Türkiye Cumhuriyeti 99 Yaşında

 

Bilindiği gibi 30 Ekim 1918 Mondros Mütarekesi (Ateşkesi)  ile Osmanlı Devleti savaştan büyük  toprak kaybıyla çıktı, yine de elinde geniş topraklar kalmıştı. Ancak İngilizler başta galip devletler, Mondros sınırlarını aşındırmaya, güvenlik gerekçesiyle ve “geçicidir” diyerek Osmanlı topraklarını yer yer  işgal etmeye başladılar. Bu da  gittikçe kabaran bir tepkiye yol açtı.

 

Azınlıklar, çeteler ve Mustafa Kemal Paşa

 

Nisan 1915 Ermeni tevkifatı ve sürgünü sonucu Ermeni mallarına el konmuştu. Ermeni mallarını ele geçiren Türkler, el koydukları malların geri alınacağı ve cezalandırılacakları kaygısı içindeydiler. Ermeni ve azınlık mallarına el koyanlar ırkçı İttihat-Terakki fırkası üyesi ya da yanlısı kişiler idiler. Suriye’ye sürülen Ermenilerden geri dönenler, el konulan mallarını geri istiyor, 1,5 milyon Rum da malından olma ve öldürülme korkusu içinde yaşıyordu. İngilizler bu gibi durumları önleme gerekçeleriyle işgal ve müdahalelerde bulunuyorlardı.

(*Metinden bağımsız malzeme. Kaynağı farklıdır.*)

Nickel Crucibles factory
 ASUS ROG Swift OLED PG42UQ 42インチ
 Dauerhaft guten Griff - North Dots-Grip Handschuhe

Anadolu yer yer kaynıyordu. Türk çetelere (İpsiz Recep, Topal Osman, vd) karşı, Rumların yoğun olduğu  Samsun ve Trabzon taraflarında Rum çeteler de oluşmuştu. Ermeniler ise dağıtılmış olduklarından güçsüz idiler, sadece Rus idaresinde toplu bir Ermeni nüfus kalmıştı ve ileride bugünkü Ermenistan’ın temeli olacaktı. O sıralar ve sonraları sürgündeki Ermenilerin çoğu Suriye ve Lübnan üzerinden Fransa ve Amerika’ya (ABD, Kanada, Brezilya, Arjantin, vd) göç ediyordu.

Böyle bir kritik ortamda 15 Mayıs 1919’da, İngiliz yönlendirmesiyle İzmir’e bir Yunan çıkartması yapıldı, bu da bardağı taşıran son damla oldu.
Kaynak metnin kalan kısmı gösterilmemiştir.